According to a survey by Equiniti and YouGov, the youngest members of the UK workforce, and those studying at university are saving for their future but have no intention to make other investments or access advice.
Equiniti noted that despite worries over tuition fees and falling real wages, young millennials are still saving. The survey revealed that 12 per cent of 18-24 year olds contribute to either a personal or workplace pension and two fifth hold cash savings.
Nonetheless, Equiniti has expressed concerns that this group of people are not getting the advice they need to make sensible financial decisions, instead allocating their money to low yielding savings accounts.
When asked where they are most likely to seek advice on their savings and investments, 23 per cent of 18-24 year olds and 36 per cent of full-time students said they would consult family or friends.
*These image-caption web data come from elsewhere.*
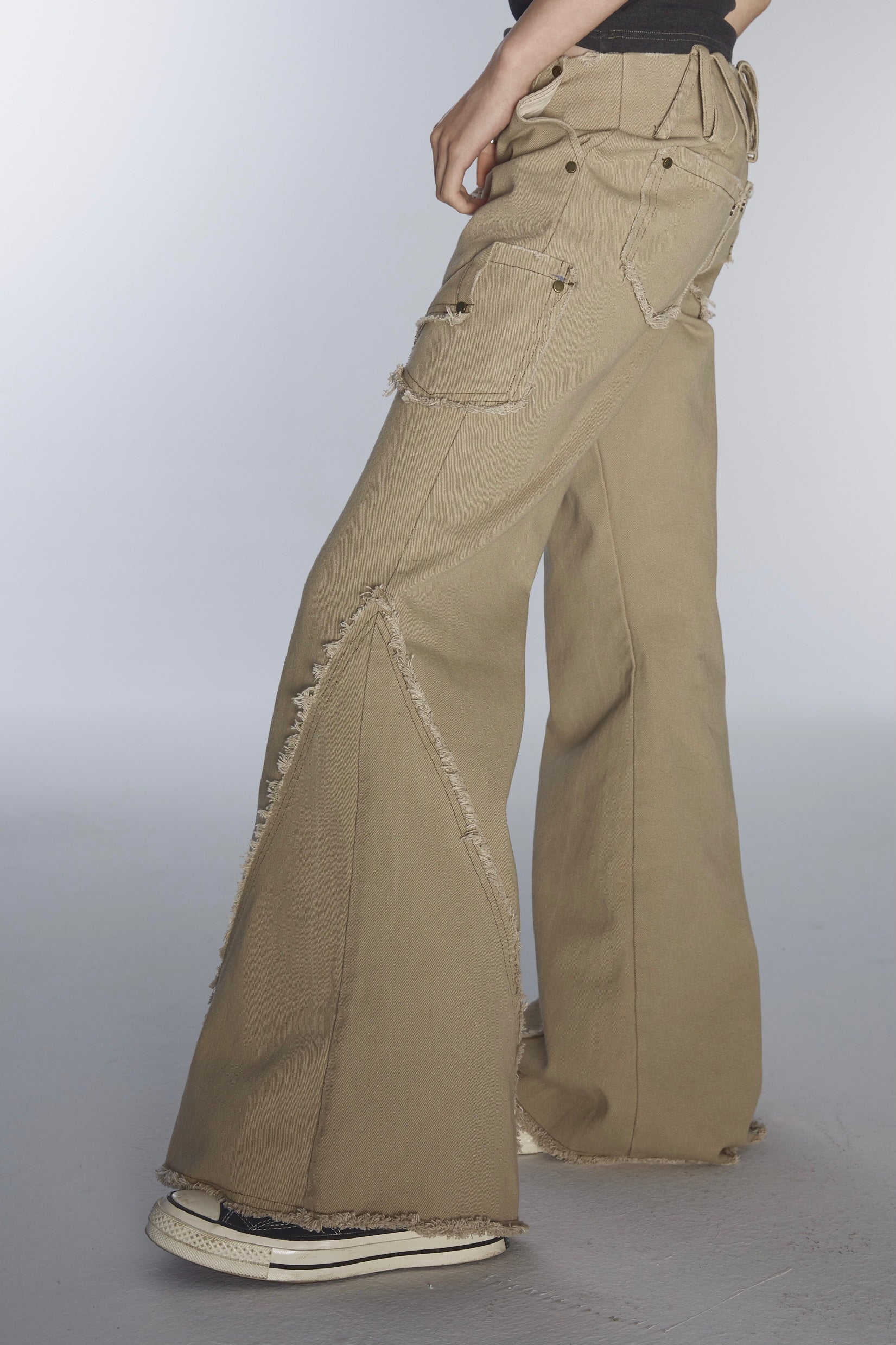 ULTRA-LOW WAIST RAW EDGE RIVET DENIM FLARED PANTS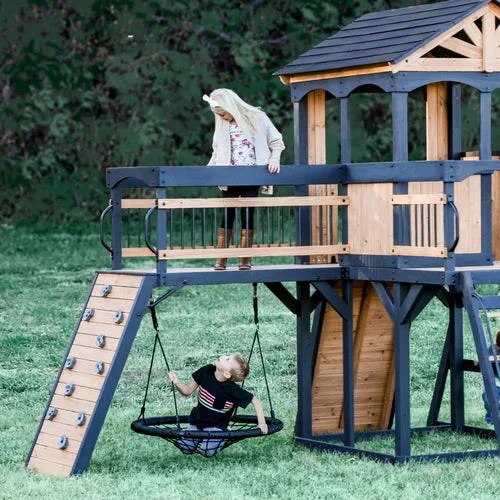 Casavibeo Backyard Discovery Timber Crossing Swing Set with slides, swings, and climbing features in a backyard setting.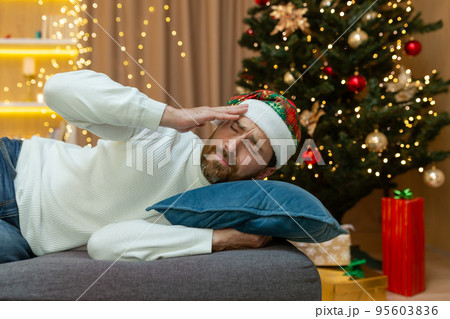 A man is tired for Christmas, in a New Year's hat, he is sleeping by the Christmas tree on the sofa at home in the living room after celebrating Christmas, he has a bad headache from a hangover. A man is tired for Christmas, in a New Year's hat, he is sleeping by the Christmas tree on the sofa at home in the living room after celebrating Christmas, he has a bad headache from a hangover. 95603836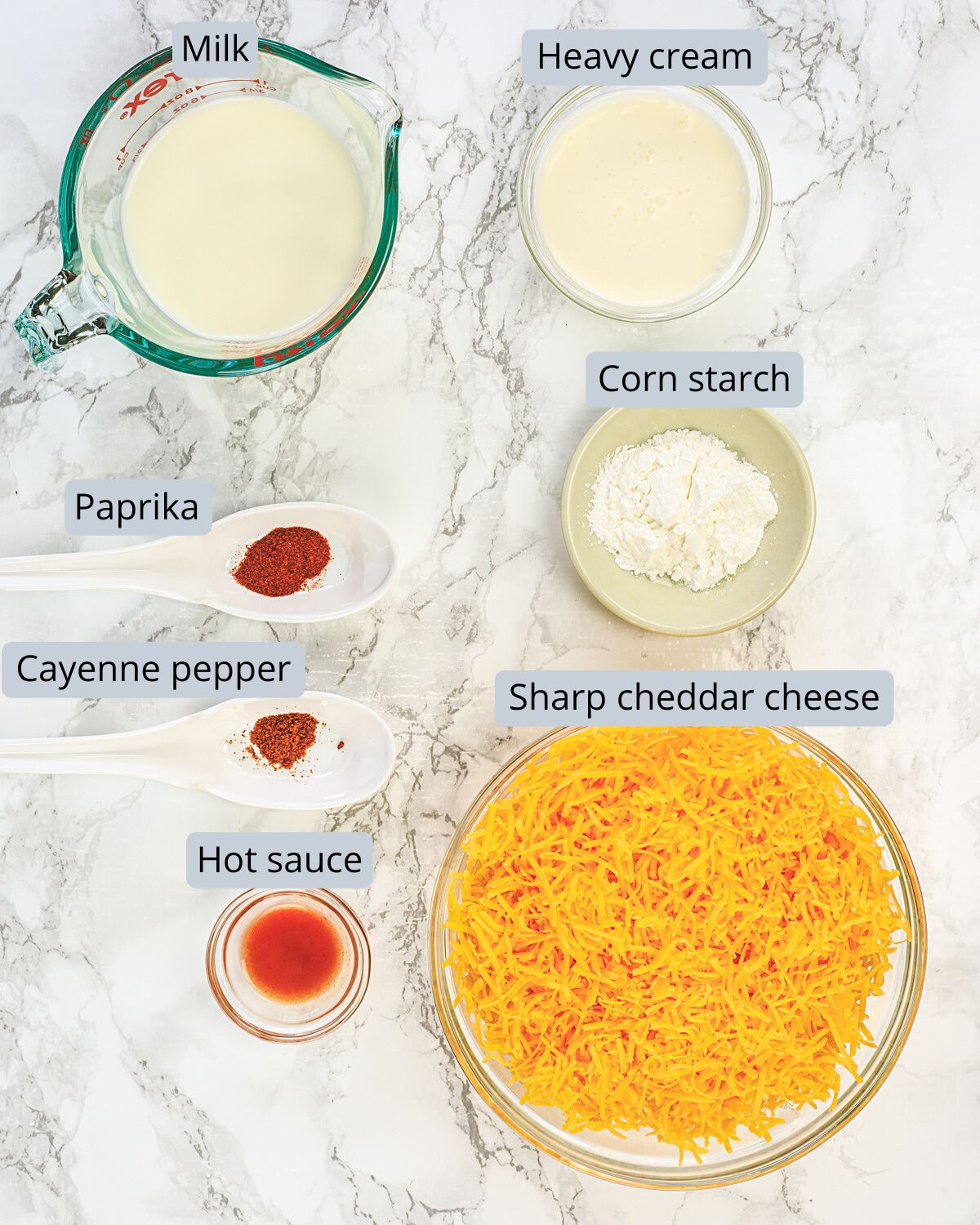 Nacho cheese sauce ingredients in bowls and spoons with labels.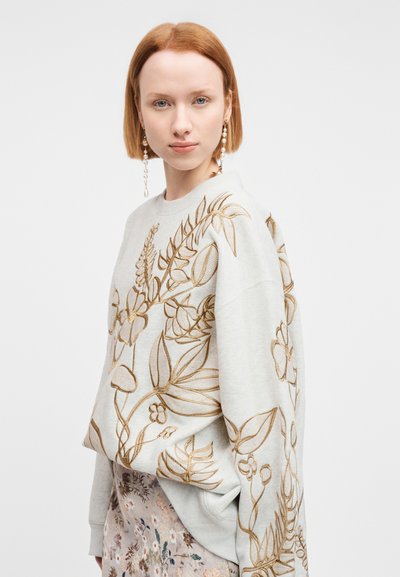 Νεαρή γυναίκα με κοντά κόκκινα μαλλιά, που φοράει μεγάλα σκουλαρίκια με πέρλες, ένα ανοιχτό φούτερ με χρυσή κεντητή ανθοδέσμη και μια φλοράλ φούστα.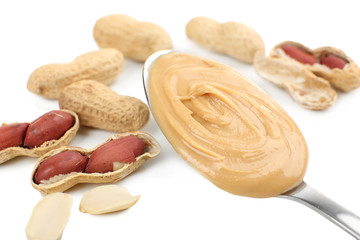Creamy peanut butter in spoon, close-up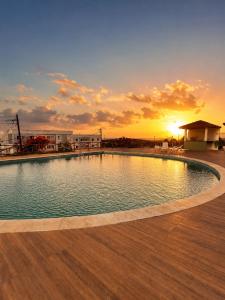 a large swimming pool with a sunset in the background at Apartamento Flores do Bosque in Garanhuns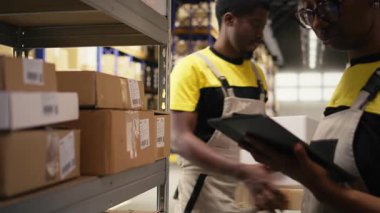 Tarayıcı kullanan siyah kadın işçi envanterdeki hava yolu faturalarını kontrol ediyor, endüstriyel depodaki lojistik operasyonları çözüyor. İşçi, raf ünitelerinin yakınındaki nakliye etiketlerini doğruladı. Kamera A.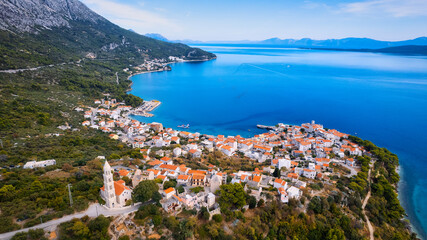 Fototapeta na wymiar Get lost in the picturesque scene of Croatia's beach, with its stunning turquoise waters and pristine coastline. From above, the aerial view showcases the perfect spot for a vacation and adventure.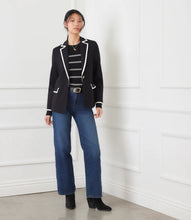 Load image into Gallery viewer, Woman wearing a black blazer with cream trim over a black and white stripe top, blue jeans and black boots against a white wall.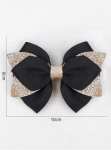 Elegant hair clips, black bow clips, girls' accessories Ireland, stylish hair accessories, hair clips for sensitive skin, hair clips for girls, versatile hair clips, black and gold clips, high-quality hair clips, children's fashion accessories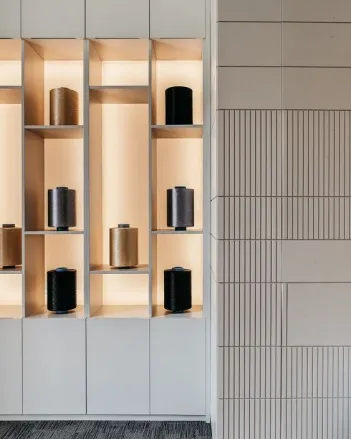 Modern shelving unit with illuminated cubic compartments holding various large spools of thread in black, brown, and beige colors, next to a textured wall with vertical and horizontal lines.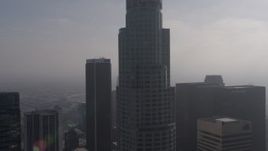4K aerial stock footage flying by US Bank Tower, and over City National Plaza and Paul Hastings  Tower on a foggy day, Downtown Los Angeles, California Aerial Stock Footage | AX43_027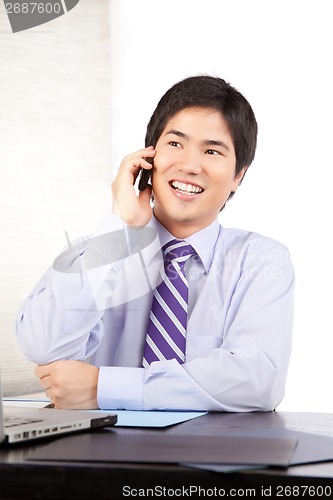 Image of Businessman Talking on Cell Phone
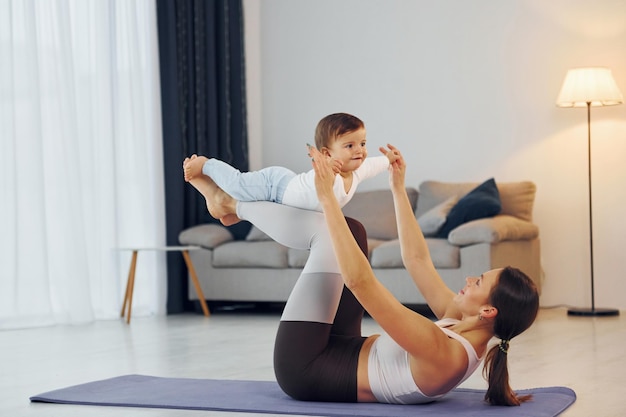 Woman laying down on mat and holding little girl Mother with her little daughter is at home together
Only nine per cent said they would seek some form of professional guidance compared to over a fifth of people aged over 35. This may be due to the high fees that come with professional advice, Equiniti observed.
Equiniti CEO of EQ Boardroom Paul Matthews commented: “The last election has shown that the younger generations are as politically engaged as ever and this research shows that they are also taking responsibility for their finances. However, like all investors, they are finding reliable sources of information and guidance hard to come by. There is an opportunity here for employers to engage on a meaningful level with the future leaders of their businesses and help them make good financial decisions.”